Inaugurating Elections

Last month as I drove from Los Angeles to Minneapolis I spent several hours crossing through Iowa. It was days before the Caucuses and the national media had parked themselves throughout the state. Several of the candidates had been active in the state for years. I was tempted to pull into Des Moines and sit at a diner and claim to be an undecided farmer just to see the circus reaction…but I’m more comfortable in the role of blogger than agitpropist... though some may say they’re not all that different!

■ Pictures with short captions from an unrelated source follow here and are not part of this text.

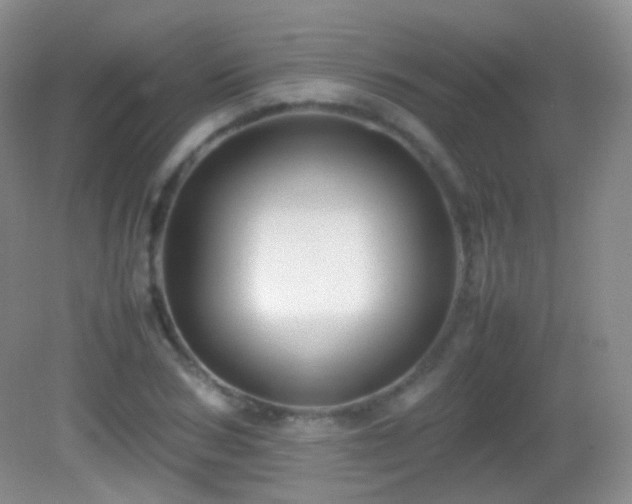 X0000082990978200702011424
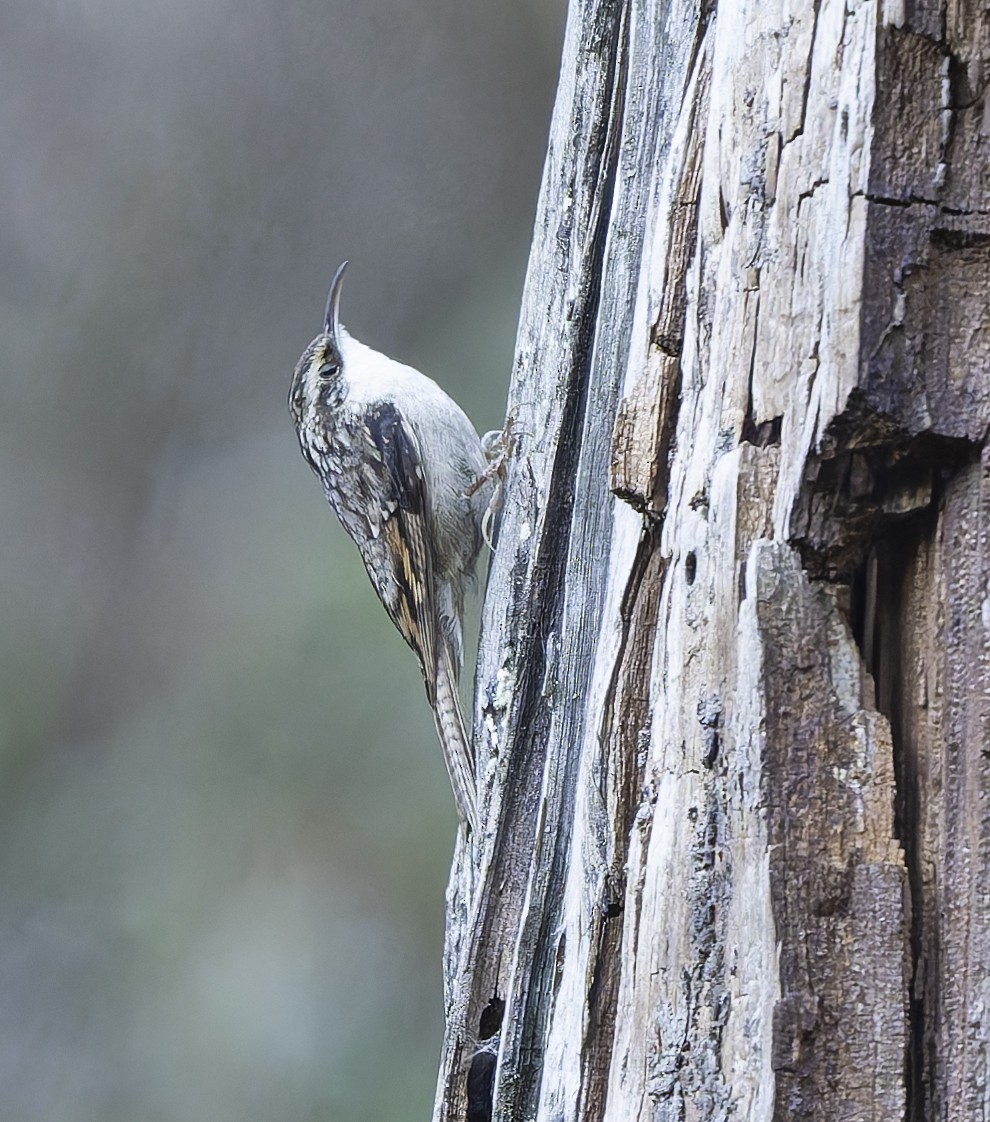 Bar-tailed Treecreeper - ML636984057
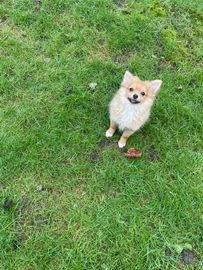 Pomeranian dogs for sale in Stoke-on-Trent - Advert 5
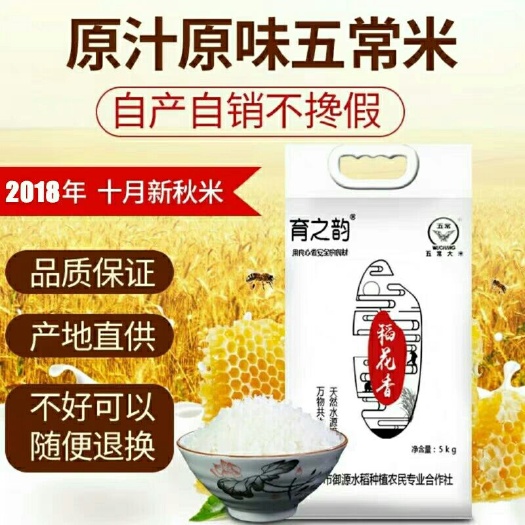 五常市东北大米 有机大米 中稻 一等品 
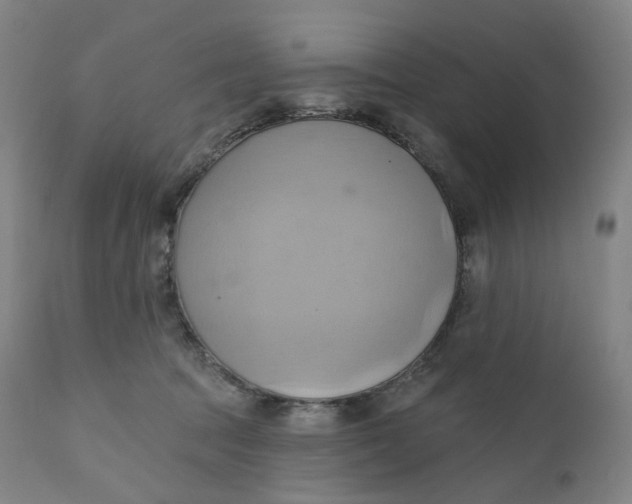 X0000110680369200907021916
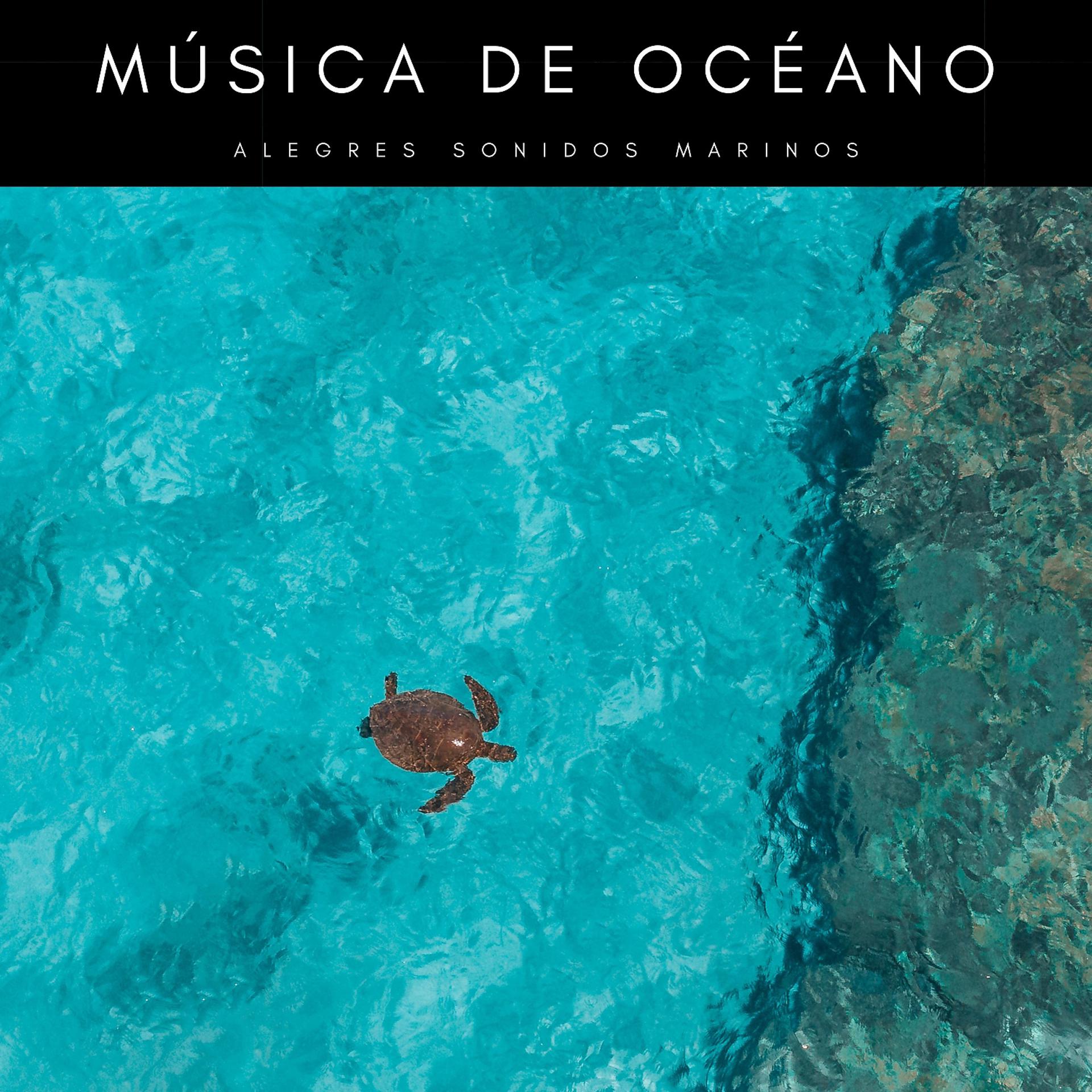 Постер альбома Música De Océano: Alegres Sonidos Marinos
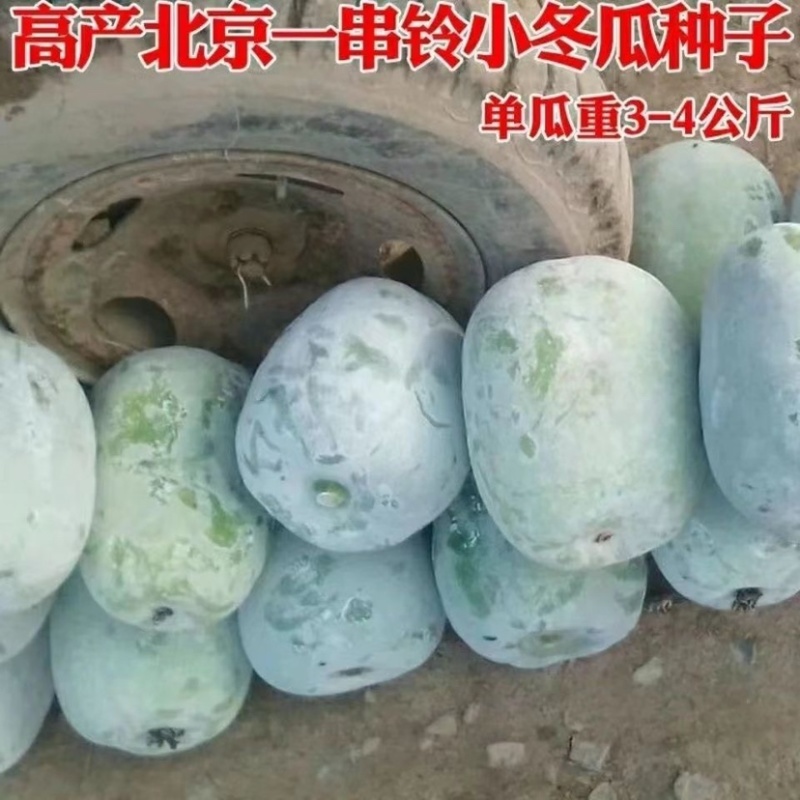 一串铃，大胖，粉宝冬瓜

Inauguration Day is just about a year away – Sunday, January 20, 2013. In the next year political prognosticating will consume Cable TV, newspapers, magazines and terabits of data on the Net. Candidates from dog catcher to President will make this the most expensive electoral season ever, with predictions that the race for the White House alone exceeding a billion dollars. The end result will look a lot like what exists today: a deeply and sharply divided country.

In 2010 the voting eligible population in the U.S. was 41.6%.  Nearly every Presidential election over the country’s history has had the popular vote pretty evenly split between the major parties so elections are won by as little as 21% of the voting pool. When compared to the entire population – which is nearly 2.5 times the voting population – the percent needed to win goes down to just 8.75%. That’s how a minority make decisions that impact the majority.

Voter apathy, election funding schemes and a continuous news cycle all contribute to the problem. Electing a U.S. President is comparable to launching a new brand via a reality show. Is there a better way?

Every four years there is much hand-wringing about whether Iowa and New Hampshire “should” be first in the nation. From each state’s perspective there is much pride taken in their role and the individuals take the process seriously and put the candidates through months and years of rigorous one-on-one questioning.

Rotating the “first in the nation” to other states may not result in that populace taking the same rigor to the candidates that Iowa and New Hampshire do. A California first-in-the-nation contest would yield a very different campaign and candidate since it is the most populous state and also one of the most diverse. New Hampshire is #43 and Iowa #31.

Like it or not today the Presidential race is all about media and branding. The policy result is problematic with highly complicated and nuanced issues being ignored or simplified to sound bites. This trend won’t change. Recognizing that the selection of a party’s nominee isn’t about retail politics allows for some different approaches.

Primaries should be held regionally – the East Coast on one Tuesday, the South on the next, the Midwest the following and the West the next. Let New Hampshire go first on a Monday and the rest of the East the next day on a Tuesday to keep the narrative and historic value of being first in the nation in place. Regions would have much more of an impact – and a “winner” wouldn’t be necessarily clear until every part of the country could weigh in.

Limit the primaries to six months before Election Day – so no balloting before May of the Election Year. That won’t stop the prediction derby of the political class, but it will narrow the attention spans of the electorate and might increase participation.

Financing: people who can vote for a candidate are the only one’s who can fund them. Corporations, unions, PACs can’t vote so they couldn’t give money. Out of district people can’t fund a candidate…only in district people can. Fully disclose donors within 24 hours on the Internet.

The political power brokers would never allow these easy to implement proposals to kick in. Maybe we need an agitpropist to push ‘em?